Exercise details: The answer should be each line from the entries below that has the word "Vintage" in it.

Records for this exercise:
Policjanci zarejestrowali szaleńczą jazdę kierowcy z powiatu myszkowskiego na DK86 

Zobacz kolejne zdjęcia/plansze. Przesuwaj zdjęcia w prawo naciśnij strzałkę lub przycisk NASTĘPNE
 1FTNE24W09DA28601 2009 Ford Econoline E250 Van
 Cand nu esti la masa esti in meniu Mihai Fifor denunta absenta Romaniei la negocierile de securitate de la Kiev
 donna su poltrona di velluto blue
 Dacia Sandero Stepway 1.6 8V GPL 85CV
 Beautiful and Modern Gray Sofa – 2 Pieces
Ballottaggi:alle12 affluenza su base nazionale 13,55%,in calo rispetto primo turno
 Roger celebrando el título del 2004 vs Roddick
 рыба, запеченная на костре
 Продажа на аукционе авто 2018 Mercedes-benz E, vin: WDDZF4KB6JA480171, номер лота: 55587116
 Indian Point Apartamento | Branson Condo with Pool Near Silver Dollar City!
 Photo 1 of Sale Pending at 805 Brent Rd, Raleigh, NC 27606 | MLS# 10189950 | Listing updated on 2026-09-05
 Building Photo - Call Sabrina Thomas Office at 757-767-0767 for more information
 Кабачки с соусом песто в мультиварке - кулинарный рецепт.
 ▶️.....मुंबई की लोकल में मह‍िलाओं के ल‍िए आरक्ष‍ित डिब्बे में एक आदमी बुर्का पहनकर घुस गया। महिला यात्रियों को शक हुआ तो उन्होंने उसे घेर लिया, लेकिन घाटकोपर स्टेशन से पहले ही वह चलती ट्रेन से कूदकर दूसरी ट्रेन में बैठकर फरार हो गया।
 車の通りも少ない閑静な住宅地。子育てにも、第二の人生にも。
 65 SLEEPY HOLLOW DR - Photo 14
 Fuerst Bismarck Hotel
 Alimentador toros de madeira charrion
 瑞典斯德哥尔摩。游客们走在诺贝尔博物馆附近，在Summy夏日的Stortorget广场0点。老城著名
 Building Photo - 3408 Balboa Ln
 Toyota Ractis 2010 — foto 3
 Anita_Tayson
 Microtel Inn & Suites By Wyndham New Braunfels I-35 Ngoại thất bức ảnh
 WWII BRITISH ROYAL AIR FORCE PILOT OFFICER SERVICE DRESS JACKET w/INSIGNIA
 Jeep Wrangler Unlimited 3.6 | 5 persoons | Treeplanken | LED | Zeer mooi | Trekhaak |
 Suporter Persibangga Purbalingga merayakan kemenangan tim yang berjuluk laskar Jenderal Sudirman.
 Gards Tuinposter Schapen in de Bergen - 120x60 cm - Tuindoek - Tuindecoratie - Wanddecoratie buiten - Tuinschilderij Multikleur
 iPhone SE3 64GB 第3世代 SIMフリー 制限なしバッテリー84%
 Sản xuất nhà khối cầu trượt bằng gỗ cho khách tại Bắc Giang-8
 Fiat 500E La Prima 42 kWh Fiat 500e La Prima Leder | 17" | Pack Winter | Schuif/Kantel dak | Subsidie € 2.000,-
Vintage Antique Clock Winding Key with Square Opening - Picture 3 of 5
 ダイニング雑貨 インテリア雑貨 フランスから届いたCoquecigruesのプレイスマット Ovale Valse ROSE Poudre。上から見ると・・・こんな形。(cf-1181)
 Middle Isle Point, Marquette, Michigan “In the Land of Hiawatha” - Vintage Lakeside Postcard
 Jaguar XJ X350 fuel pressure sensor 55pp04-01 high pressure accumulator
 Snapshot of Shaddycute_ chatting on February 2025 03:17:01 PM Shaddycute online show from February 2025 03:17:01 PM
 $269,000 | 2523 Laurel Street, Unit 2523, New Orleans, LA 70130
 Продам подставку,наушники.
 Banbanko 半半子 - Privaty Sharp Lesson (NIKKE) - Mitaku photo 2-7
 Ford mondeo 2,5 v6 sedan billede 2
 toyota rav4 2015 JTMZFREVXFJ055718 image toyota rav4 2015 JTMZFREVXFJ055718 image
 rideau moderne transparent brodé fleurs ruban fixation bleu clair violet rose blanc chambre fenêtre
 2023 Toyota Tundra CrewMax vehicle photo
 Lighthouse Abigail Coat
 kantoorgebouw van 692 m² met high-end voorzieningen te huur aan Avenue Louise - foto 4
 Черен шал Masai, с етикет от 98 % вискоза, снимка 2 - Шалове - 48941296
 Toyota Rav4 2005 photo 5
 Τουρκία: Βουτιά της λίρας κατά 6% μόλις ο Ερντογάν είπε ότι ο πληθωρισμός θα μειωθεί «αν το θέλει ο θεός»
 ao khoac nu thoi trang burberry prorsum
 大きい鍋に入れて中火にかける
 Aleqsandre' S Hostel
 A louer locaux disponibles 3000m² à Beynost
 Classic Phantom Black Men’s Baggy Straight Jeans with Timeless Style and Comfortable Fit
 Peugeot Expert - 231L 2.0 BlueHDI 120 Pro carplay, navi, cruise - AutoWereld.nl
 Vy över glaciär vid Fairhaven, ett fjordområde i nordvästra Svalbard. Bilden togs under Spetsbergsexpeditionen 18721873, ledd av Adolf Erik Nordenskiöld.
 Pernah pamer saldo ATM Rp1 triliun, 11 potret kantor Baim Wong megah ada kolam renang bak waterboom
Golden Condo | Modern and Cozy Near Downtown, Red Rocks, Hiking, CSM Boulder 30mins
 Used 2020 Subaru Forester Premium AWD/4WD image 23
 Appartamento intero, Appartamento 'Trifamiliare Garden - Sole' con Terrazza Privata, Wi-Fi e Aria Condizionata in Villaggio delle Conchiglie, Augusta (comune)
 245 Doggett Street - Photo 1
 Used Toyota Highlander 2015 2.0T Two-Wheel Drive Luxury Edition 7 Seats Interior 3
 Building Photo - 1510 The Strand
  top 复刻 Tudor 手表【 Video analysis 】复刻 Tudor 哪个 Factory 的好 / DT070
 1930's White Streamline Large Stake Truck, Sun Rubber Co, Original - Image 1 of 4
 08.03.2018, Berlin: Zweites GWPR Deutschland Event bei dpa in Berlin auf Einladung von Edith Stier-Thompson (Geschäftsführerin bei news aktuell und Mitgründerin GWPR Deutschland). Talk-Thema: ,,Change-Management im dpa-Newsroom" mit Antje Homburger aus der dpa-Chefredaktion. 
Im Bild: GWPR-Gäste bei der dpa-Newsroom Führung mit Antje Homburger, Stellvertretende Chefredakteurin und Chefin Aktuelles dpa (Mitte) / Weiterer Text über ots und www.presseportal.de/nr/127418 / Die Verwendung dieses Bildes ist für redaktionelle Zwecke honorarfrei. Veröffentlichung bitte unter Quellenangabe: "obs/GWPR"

Exercise solution:
Vintage Antique Clock Winding Key with Square Opening - Picture 3 of 5
 Middle Isle Point, Marquette, Michigan “In the Land of Hiawatha” - Vintage Lakeside Postcard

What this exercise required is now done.